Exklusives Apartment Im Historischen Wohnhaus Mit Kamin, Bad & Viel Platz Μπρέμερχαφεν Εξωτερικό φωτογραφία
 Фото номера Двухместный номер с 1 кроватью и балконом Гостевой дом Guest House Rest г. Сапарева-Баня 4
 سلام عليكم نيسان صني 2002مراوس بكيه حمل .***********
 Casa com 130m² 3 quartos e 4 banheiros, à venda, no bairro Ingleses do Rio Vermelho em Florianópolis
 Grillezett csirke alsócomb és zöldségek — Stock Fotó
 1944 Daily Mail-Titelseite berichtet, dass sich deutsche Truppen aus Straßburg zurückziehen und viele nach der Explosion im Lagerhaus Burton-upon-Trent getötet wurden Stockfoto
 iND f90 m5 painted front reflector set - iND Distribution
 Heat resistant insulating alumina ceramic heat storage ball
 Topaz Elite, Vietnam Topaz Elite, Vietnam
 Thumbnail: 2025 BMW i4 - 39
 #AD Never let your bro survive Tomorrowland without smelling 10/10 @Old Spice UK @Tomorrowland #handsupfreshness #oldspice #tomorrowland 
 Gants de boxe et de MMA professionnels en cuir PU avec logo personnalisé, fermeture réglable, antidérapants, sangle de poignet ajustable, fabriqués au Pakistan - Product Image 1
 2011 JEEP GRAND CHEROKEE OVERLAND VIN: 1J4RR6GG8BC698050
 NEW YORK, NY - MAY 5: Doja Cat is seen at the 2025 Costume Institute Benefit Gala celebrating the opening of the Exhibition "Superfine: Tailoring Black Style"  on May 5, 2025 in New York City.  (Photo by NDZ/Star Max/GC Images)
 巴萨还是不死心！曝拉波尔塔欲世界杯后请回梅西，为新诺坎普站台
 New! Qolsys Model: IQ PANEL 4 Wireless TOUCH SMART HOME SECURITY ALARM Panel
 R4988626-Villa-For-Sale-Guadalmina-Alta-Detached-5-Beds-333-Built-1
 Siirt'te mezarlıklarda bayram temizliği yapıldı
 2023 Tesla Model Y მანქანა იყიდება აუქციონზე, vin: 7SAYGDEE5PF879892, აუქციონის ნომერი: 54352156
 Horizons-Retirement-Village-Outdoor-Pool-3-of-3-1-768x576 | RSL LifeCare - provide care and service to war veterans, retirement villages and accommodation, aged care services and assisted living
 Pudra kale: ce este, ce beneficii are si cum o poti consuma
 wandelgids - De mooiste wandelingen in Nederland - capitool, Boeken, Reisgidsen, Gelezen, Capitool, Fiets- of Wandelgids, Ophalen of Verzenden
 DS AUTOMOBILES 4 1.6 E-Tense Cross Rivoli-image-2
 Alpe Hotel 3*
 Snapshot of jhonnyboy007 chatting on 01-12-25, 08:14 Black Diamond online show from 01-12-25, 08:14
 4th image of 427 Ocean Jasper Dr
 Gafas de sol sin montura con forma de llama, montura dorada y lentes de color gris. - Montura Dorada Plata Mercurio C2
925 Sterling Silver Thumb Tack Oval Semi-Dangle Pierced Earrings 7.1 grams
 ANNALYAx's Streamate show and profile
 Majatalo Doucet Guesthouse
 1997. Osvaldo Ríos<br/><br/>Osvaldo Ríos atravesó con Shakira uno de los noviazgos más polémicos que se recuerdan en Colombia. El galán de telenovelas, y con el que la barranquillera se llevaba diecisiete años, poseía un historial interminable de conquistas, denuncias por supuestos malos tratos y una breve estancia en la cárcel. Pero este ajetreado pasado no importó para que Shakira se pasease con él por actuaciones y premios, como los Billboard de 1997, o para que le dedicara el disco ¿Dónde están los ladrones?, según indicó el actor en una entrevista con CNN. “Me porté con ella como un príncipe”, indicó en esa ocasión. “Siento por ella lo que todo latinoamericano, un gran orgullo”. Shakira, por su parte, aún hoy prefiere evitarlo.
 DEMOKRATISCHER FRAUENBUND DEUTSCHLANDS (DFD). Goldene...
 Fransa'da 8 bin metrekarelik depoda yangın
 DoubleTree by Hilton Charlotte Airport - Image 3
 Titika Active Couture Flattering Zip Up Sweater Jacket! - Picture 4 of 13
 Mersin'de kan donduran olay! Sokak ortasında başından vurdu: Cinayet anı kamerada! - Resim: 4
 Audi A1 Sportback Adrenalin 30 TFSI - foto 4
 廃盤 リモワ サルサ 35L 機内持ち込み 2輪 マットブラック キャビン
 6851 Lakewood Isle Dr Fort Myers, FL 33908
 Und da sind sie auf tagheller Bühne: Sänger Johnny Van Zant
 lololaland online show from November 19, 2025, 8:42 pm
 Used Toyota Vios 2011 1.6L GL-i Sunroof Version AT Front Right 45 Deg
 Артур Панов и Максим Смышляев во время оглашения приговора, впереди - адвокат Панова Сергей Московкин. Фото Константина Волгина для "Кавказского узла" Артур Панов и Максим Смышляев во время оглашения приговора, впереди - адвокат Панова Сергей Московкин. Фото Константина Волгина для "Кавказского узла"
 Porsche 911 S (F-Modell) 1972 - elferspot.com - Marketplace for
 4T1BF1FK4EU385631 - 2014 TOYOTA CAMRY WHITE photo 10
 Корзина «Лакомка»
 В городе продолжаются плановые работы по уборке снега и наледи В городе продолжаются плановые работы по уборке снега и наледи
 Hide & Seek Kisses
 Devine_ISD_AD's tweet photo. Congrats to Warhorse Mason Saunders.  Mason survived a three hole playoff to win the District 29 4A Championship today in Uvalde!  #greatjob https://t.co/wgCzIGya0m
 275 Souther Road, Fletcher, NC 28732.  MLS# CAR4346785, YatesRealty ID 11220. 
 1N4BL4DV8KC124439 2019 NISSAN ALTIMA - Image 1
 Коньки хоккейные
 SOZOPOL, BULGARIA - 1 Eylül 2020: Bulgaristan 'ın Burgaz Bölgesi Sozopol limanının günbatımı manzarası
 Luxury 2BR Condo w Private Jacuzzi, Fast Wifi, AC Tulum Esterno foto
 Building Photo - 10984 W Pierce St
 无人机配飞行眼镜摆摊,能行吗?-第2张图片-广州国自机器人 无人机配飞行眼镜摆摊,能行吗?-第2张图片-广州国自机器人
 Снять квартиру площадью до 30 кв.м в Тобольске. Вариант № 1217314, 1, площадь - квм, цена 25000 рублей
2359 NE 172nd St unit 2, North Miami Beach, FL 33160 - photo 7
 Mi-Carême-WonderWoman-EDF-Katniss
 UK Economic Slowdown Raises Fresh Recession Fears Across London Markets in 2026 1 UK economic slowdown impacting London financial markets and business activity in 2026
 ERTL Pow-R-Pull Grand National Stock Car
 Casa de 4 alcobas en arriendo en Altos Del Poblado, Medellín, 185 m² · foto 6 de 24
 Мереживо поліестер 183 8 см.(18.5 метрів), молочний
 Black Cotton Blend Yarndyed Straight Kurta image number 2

──────

## What you should do:
Leaving every word in place, output the whole listing above.

## Response:
Exklusives Apartment Im Historischen Wohnhaus Mit Kamin, Bad & Viel Platz Μπρέμερχαφεν Εξωτερικό φωτογραφία
 Фото номера Двухместный номер с 1 кроватью и балконом Гостевой дом Guest House Rest г. Сапарева-Баня 4
 سلام عليكم نيسان صني 2002مراوس بكيه حمل .***********
 Casa com 130m² 3 quartos e 4 banheiros, à venda, no bairro Ingleses do Rio Vermelho em Florianópolis
 Grillezett csirke alsócomb és zöldségek — Stock Fotó
 1944 Daily Mail-Titelseite berichtet, dass sich deutsche Truppen aus Straßburg zurückziehen und viele nach der Explosion im Lagerhaus Burton-upon-Trent getötet wurden Stockfoto
 iND f90 m5 painted front reflector set - iND Distribution
 Heat resistant insulating alumina ceramic heat storage ball
 Topaz Elite, Vietnam Topaz Elite, Vietnam
 Thumbnail: 2025 BMW i4 - 39
 #AD Never let your bro survive Tomorrowland without smelling 10/10 @Old Spice UK @Tomorrowland #handsupfreshness #oldspice #tomorrowland 
 Gants de boxe et de MMA professionnels en cuir PU avec logo personnalisé, fermeture réglable, antidérapants, sangle de poignet ajustable, fabriqués au Pakistan - Product Image 1
 2011 JEEP GRAND CHEROKEE OVERLAND VIN: 1J4RR6GG8BC698050
 NEW YORK, NY - MAY 5: Doja Cat is seen at the 2025 Costume Institute Benefit Gala celebrating the opening of the Exhibition "Superfine: Tailoring Black Style"  on May 5, 2025 in New York City.  (Photo by NDZ/Star Max/GC Images)
 巴萨还是不死心！曝拉波尔塔欲世界杯后请回梅西，为新诺坎普站台
 New! Qolsys Model: IQ PANEL 4 Wireless TOUCH SMART HOME SECURITY ALARM Panel
 R4988626-Villa-For-Sale-Guadalmina-Alta-Detached-5-Beds-333-Built-1
 Siirt'te mezarlıklarda bayram temizliği yapıldı
 2023 Tesla Model Y მანქანა იყიდება აუქციონზე, vin: 7SAYGDEE5PF879892, აუქციონის ნომერი: 54352156
 Horizons-Retirement-Village-Outdoor-Pool-3-of-3-1-768x576 | RSL LifeCare - provide care and service to war veterans, retirement villages and accommodation, aged care services and assisted living
 Pudra kale: ce este, ce beneficii are si cum o poti consuma
 wandelgids - De mooiste wandelingen in Nederland - capitool, Boeken, Reisgidsen, Gelezen, Capitool, Fiets- of Wandelgids, Ophalen of Verzenden
 DS AUTOMOBILES 4 1.6 E-Tense Cross Rivoli-image-2
 Alpe Hotel 3*
 Snapshot of jhonnyboy007 chatting on 01-12-25, 08:14 Black Diamond online show from 01-12-25, 08:14
 4th image of 427 Ocean Jasper Dr
 Gafas de sol sin montura con forma de llama, montura dorada y lentes de color gris. - Montura Dorada Plata Mercurio C2
925 Sterling Silver Thumb Tack Oval Semi-Dangle Pierced Earrings 7.1 grams
 ANNALYAx's Streamate show and profile
 Majatalo Doucet Guesthouse
 1997. Osvaldo Ríos<br/><br/>Osvaldo Ríos atravesó con Shakira uno de los noviazgos más polémicos que se recuerdan en Colombia. El galán de telenovelas, y con el que la barranquillera se llevaba diecisiete años, poseía un historial interminable de conquistas, denuncias por supuestos malos tratos y una breve estancia en la cárcel. Pero este ajetreado pasado no importó para que Shakira se pasease con él por actuaciones y premios, como los Billboard de 1997, o para que le dedicara el disco ¿Dónde están los ladrones?, según indicó el actor en una entrevista con CNN. “Me porté con ella como un príncipe”, indicó en esa ocasión. “Siento por ella lo que todo latinoamericano, un gran orgullo”. Shakira, por su parte, aún hoy prefiere evitarlo.
 DEMOKRATISCHER FRAUENBUND DEUTSCHLANDS (DFD). Goldene...
 Fransa'da 8 bin metrekarelik depoda yangın
 DoubleTree by Hilton Charlotte Airport - Image 3
 Titika Active Couture Flattering Zip Up Sweater Jacket! - Picture 4 of 13
 Mersin'de kan donduran olay! Sokak ortasında başından vurdu: Cinayet anı kamerada! - Resim: 4
 Audi A1 Sportback Adrenalin 30 TFSI - foto 4
 廃盤 リモワ サルサ 35L 機内持ち込み 2輪 マットブラック キャビン
 6851 Lakewood Isle Dr Fort Myers, FL 33908
 Und da sind sie auf tagheller Bühne: Sänger Johnny Van Zant
 lololaland online show from November 19, 2025, 8:42 pm
 Used Toyota Vios 2011 1.6L GL-i Sunroof Version AT Front Right 45 Deg
 Артур Панов и Максим Смышляев во время оглашения приговора, впереди - адвокат Панова Сергей Московкин. Фото Константина Волгина для "Кавказского узла" Артур Панов и Максим Смышляев во время оглашения приговора, впереди - адвокат Панова Сергей Московкин. Фото Константина Волгина для "Кавказского узла"
 Porsche 911 S (F-Modell) 1972 - elferspot.com - Marketplace for
 4T1BF1FK4EU385631 - 2014 TOYOTA CAMRY WHITE photo 10
 Корзина «Лакомка»
 В городе продолжаются плановые работы по уборке снега и наледи В городе продолжаются плановые работы по уборке снега и наледи
 Hide & Seek Kisses
 Devine_ISD_AD's tweet photo. Congrats to Warhorse Mason Saunders.  Mason survived a three hole playoff to win the District 29 4A Championship today in Uvalde!  #greatjob https://t.co/wgCzIGya0m
 275 Souther Road, Fletcher, NC 28732.  MLS# CAR4346785, YatesRealty ID 11220. 
 1N4BL4DV8KC124439 2019 NISSAN ALTIMA - Image 1
 Коньки хоккейные
 SOZOPOL, BULGARIA - 1 Eylül 2020: Bulgaristan 'ın Burgaz Bölgesi Sozopol limanının günbatımı manzarası
 Luxury 2BR Condo w Private Jacuzzi, Fast Wifi, AC Tulum Esterno foto
 Building Photo - 10984 W Pierce St
 无人机配飞行眼镜摆摊,能行吗?-第2张图片-广州国自机器人 无人机配飞行眼镜摆摊,能行吗?-第2张图片-广州国自机器人
 Снять квартиру площадью до 30 кв.м в Тобольске. Вариант № 1217314, 1, площадь - квм, цена 25000 рублей
2359 NE 172nd St unit 2, North Miami Beach, FL 33160 - photo 7
 Mi-Carême-WonderWoman-EDF-Katniss
 UK Economic Slowdown Raises Fresh Recession Fears Across London Markets in 2026 1 UK economic slowdown impacting London financial markets and business activity in 2026
 ERTL Pow-R-Pull Grand National Stock Car
 Casa de 4 alcobas en arriendo en Altos Del Poblado, Medellín, 185 m² · foto 6 de 24
 Мереживо поліестер 183 8 см.(18.5 метрів), молочний
 Black Cotton Blend Yarndyed Straight Kurta image number 2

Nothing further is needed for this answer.